The process of the demarcation of Indian lands – for the Guarani, Xavante and Kaingang tribes – began in the west of São Paulo in 1880. Although the first two groups were ‘integrated’, at the price of being culturally decimated, the Kaingang tribe resisted invasion of their lands. The confrontation reached its height in 1905 when the construction of the railroad began. The Indians resisted for a long time, forming what at the time was called the ‘Kaingang wall’. The situation was only brought under control in 1911 after the government had virtually annihilated the group, and with the intervention of the Indian Protection Service (SPI). The man at the head of this institution was Cândido Mariano Rondon, a military officer who, among other activities, constructed telegraph lines between Mato Grosso and Goiás. The federal government was worried about the isolation and vulnerability of the borders. Cândido Mariano Rondon was responsible for incorporating the Amazon region into the country, not only through telegraph lines running from the central west to the south of Brazil, but also by mapping the area and venturing into unknown territory to make contact for the first time with the Indians.
Demarcation policies for Indian lands varied according to region. Some regions were considered new – like Amazonia, rediscovered because of the demand for rubber. Other regions had been colonized long before. By the time the Republic was founded, the situation of the indigenous peoples was no longer linked to labour. It had become a matter of landownership. In regions settled during the colonial period, the order was to secure village borders, whereas in the newly claimed territories and along the waterways, despite the us
e of Indian labour, the objective was to conquer new land. The government’s justification was concern with the ‘settlers’ safety’. These policies per se were not new, but they had never been implemented with the explicit collusion of the government. The instructions were clear: either exterminate the ‘savage’ Indians, or ‘civilize them and incorporate them into society’.81 Despite the provisions of the republican constitution, it was to take a long time before a practical policy of protection and inclusion would be put in place.

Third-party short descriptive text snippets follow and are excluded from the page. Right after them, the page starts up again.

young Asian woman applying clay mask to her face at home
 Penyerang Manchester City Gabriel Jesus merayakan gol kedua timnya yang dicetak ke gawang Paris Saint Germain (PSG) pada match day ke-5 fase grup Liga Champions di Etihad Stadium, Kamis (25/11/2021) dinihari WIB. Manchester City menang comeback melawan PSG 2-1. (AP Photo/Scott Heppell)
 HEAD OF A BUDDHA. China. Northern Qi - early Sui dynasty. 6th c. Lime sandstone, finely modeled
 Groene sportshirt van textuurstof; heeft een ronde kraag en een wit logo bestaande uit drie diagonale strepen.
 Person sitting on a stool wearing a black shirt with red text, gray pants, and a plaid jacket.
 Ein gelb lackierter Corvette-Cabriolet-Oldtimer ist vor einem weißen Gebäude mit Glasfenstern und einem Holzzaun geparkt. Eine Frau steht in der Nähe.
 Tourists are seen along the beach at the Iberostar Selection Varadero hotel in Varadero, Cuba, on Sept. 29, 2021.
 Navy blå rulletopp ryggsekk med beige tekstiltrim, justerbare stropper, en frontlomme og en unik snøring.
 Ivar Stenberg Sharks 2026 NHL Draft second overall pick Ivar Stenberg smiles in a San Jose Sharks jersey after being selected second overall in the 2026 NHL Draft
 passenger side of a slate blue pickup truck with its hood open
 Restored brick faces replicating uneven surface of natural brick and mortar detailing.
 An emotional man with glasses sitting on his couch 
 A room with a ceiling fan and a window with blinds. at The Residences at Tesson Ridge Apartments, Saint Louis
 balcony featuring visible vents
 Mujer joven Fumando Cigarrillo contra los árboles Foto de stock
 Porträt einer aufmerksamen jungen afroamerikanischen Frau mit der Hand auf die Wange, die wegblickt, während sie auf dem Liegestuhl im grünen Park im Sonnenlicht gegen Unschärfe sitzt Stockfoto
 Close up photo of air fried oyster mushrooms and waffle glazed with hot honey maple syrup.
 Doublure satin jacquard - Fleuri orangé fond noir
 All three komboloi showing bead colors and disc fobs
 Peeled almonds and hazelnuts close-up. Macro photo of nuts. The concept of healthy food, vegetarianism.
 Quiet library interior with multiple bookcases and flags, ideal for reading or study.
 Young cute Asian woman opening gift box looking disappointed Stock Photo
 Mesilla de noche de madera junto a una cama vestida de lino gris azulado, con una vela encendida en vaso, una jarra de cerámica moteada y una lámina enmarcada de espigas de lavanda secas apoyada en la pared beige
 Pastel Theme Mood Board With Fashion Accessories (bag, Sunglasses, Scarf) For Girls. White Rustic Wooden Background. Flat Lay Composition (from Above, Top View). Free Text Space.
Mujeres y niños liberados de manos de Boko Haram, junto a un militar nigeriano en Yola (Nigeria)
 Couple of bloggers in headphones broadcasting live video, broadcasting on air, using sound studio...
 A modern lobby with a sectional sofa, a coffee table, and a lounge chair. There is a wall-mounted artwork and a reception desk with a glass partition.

CRISIS IN THE LAND OF FAVOURS
During the First World War a series of events had a considerable impact on the country. The first of these was the economic crisis caused by the reduction of agricultural exports due to constant droughts and fluctuations in the price of coffee. The second was the arrival of more immigrants – a rapidly increasing number following the war – and the consequent growth of the cities. The combination of these factors led to the emergence of a powerful new group of liberal, urban professionals. Furthermore, the process of ‘import substitution’, implemented during the war years, resulted in an increased number of small shops and industries run by minor retailers, artisans and industrialists.